PROBLEM TO SOLVE
Please repeat, exactly as written, every line from the one containing "Aroma Naturals Scented" through the last line of the records, both included, and leave out any pictures.

········

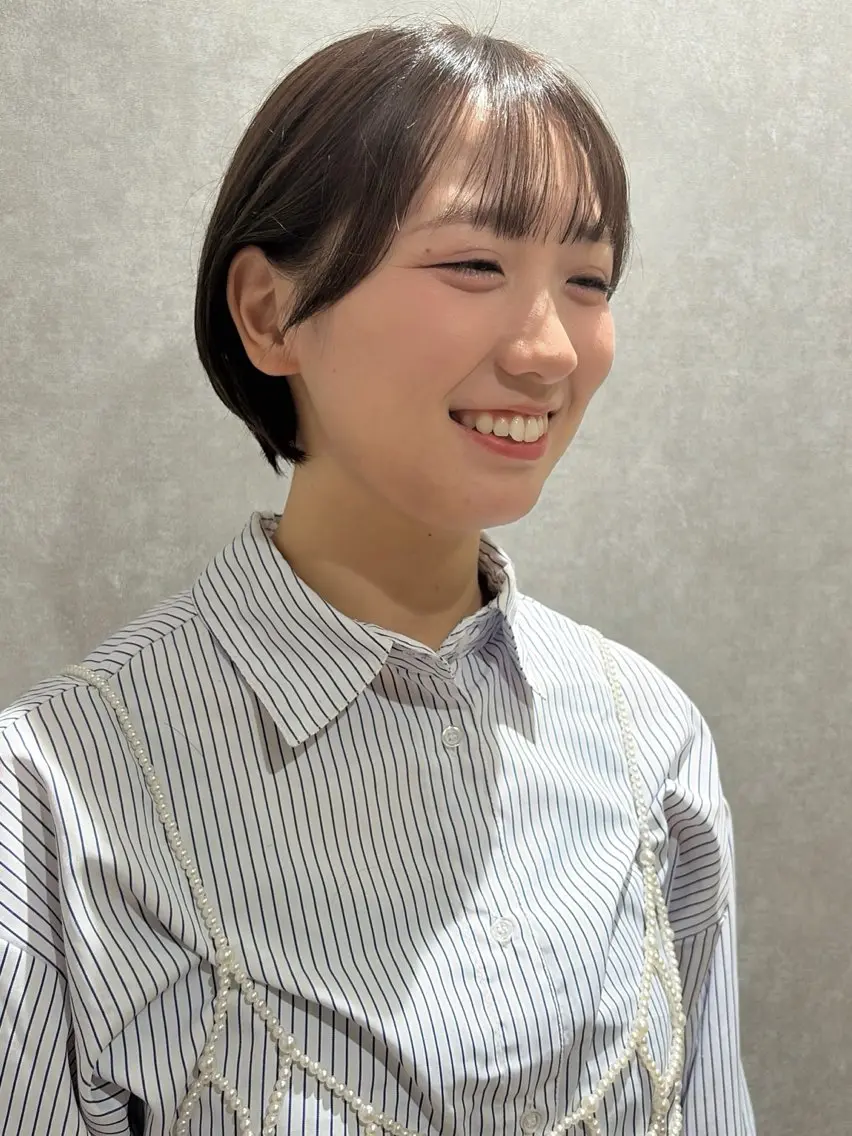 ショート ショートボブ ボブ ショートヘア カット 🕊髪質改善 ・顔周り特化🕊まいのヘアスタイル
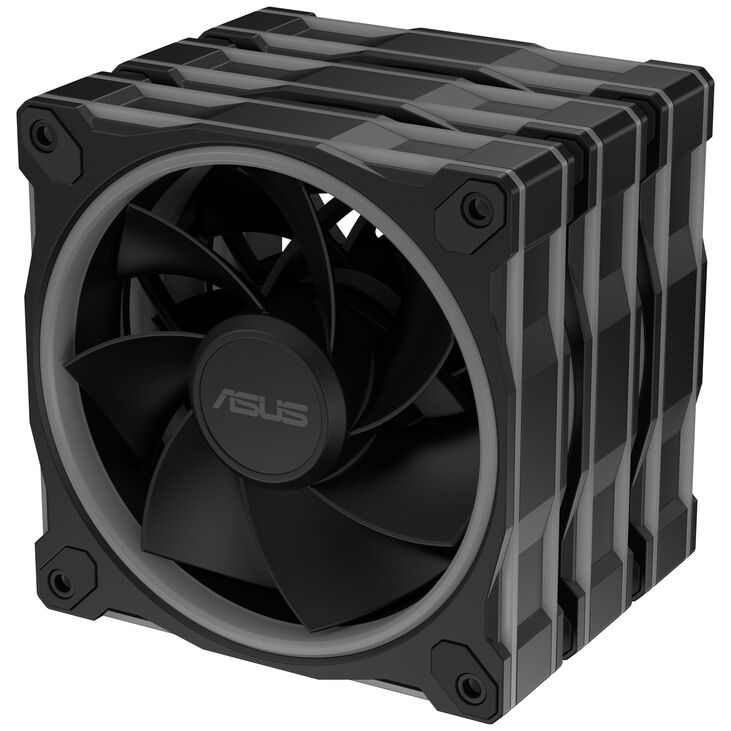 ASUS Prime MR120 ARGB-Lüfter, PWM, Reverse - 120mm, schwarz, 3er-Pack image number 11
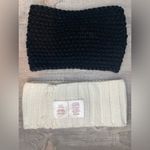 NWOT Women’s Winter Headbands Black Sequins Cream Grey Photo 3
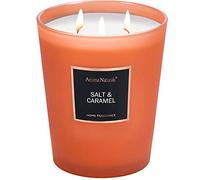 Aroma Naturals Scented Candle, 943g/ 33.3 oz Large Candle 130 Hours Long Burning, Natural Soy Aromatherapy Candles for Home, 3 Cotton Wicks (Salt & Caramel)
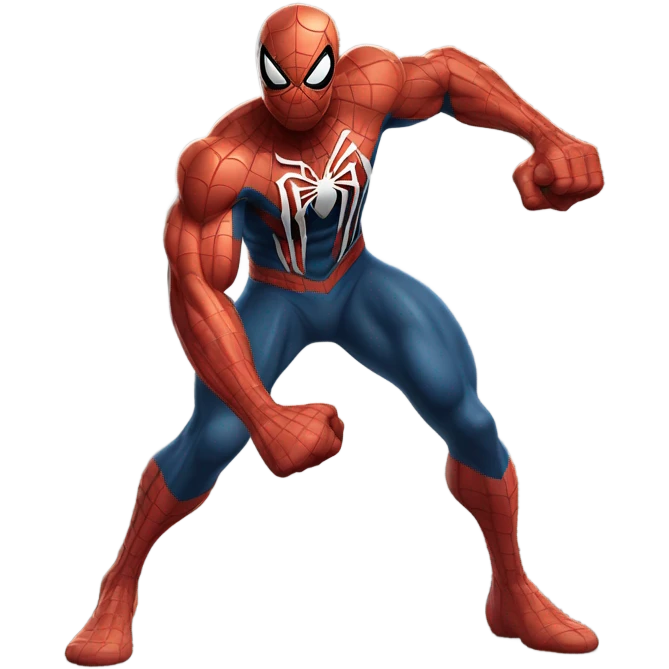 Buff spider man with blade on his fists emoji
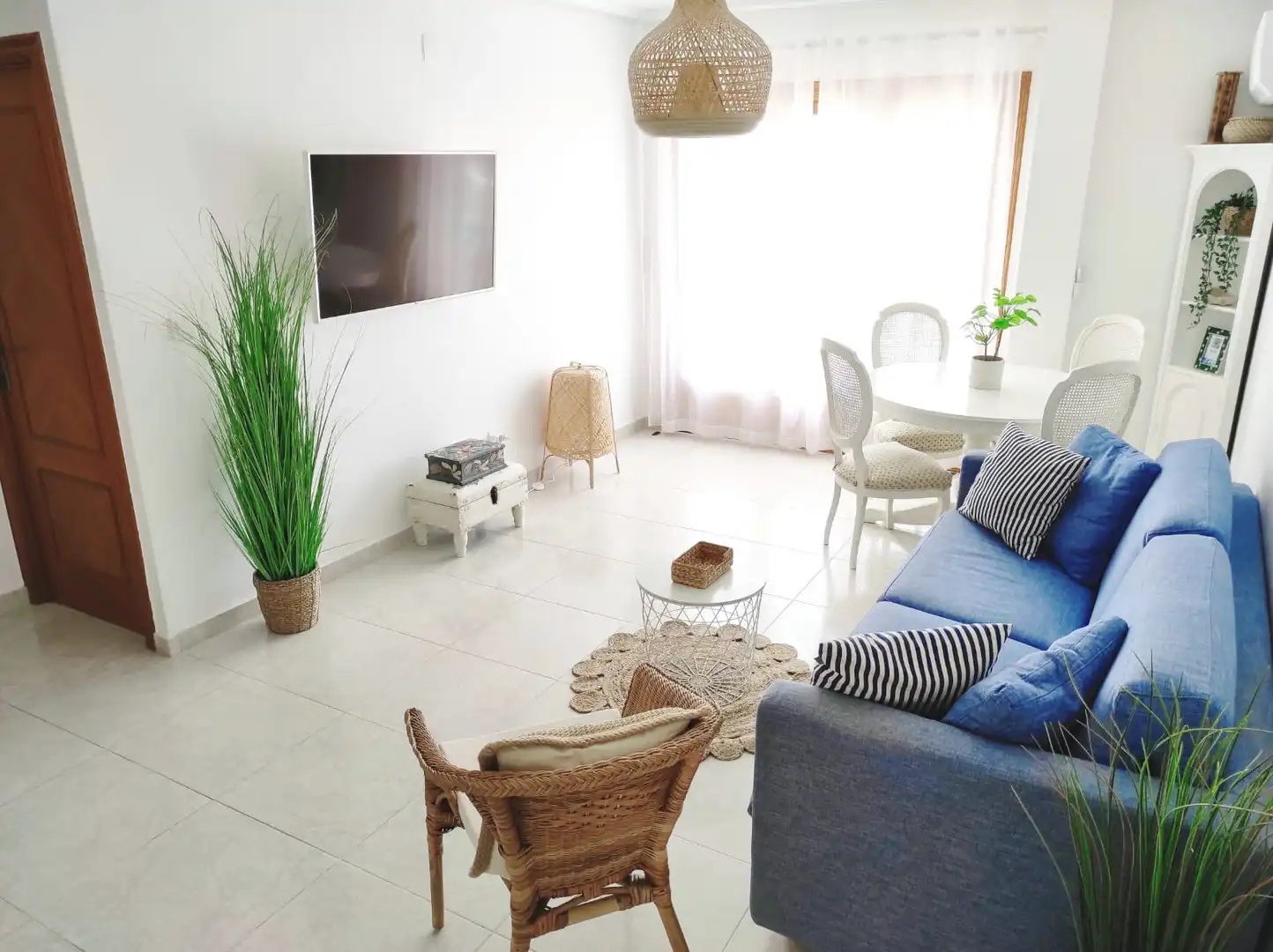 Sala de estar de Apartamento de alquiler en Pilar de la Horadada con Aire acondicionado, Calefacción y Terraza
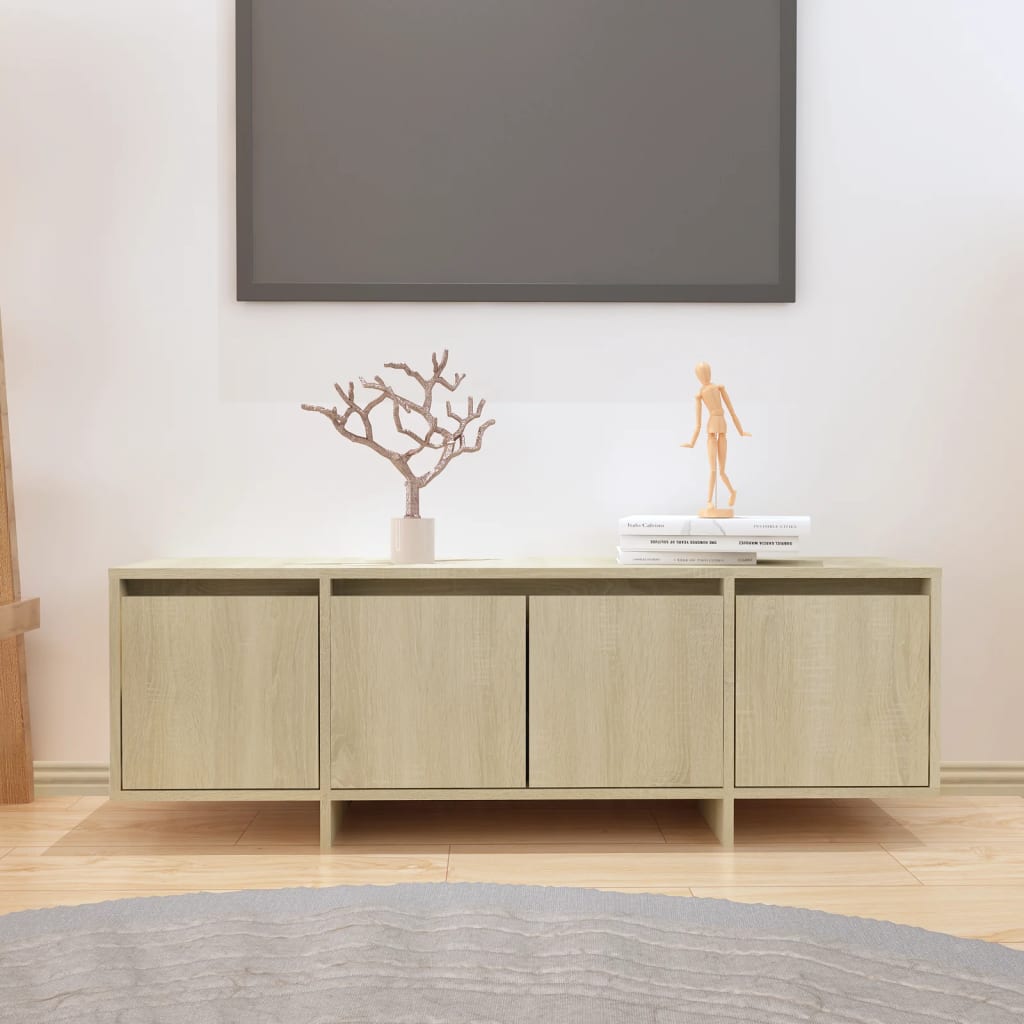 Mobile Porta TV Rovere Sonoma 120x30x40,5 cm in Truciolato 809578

········

ANSWER TO THIS EXERCISE
 Aroma Naturals Scented Candle, 943g/ 33.3 oz Large Candle 130 Hours Long Burning, Natural Soy Aromatherapy Candles for Home, 3 Cotton Wicks (Salt & Caramel)
 Buff spider man with blade on his fists emoji
 Sala de estar de Apartamento de alquiler en Pilar de la Horadada con Aire acondicionado, Calefacción y Terraza
 Mobile Porta TV Rovere Sonoma 120x30x40,5 cm in Truciolato 809578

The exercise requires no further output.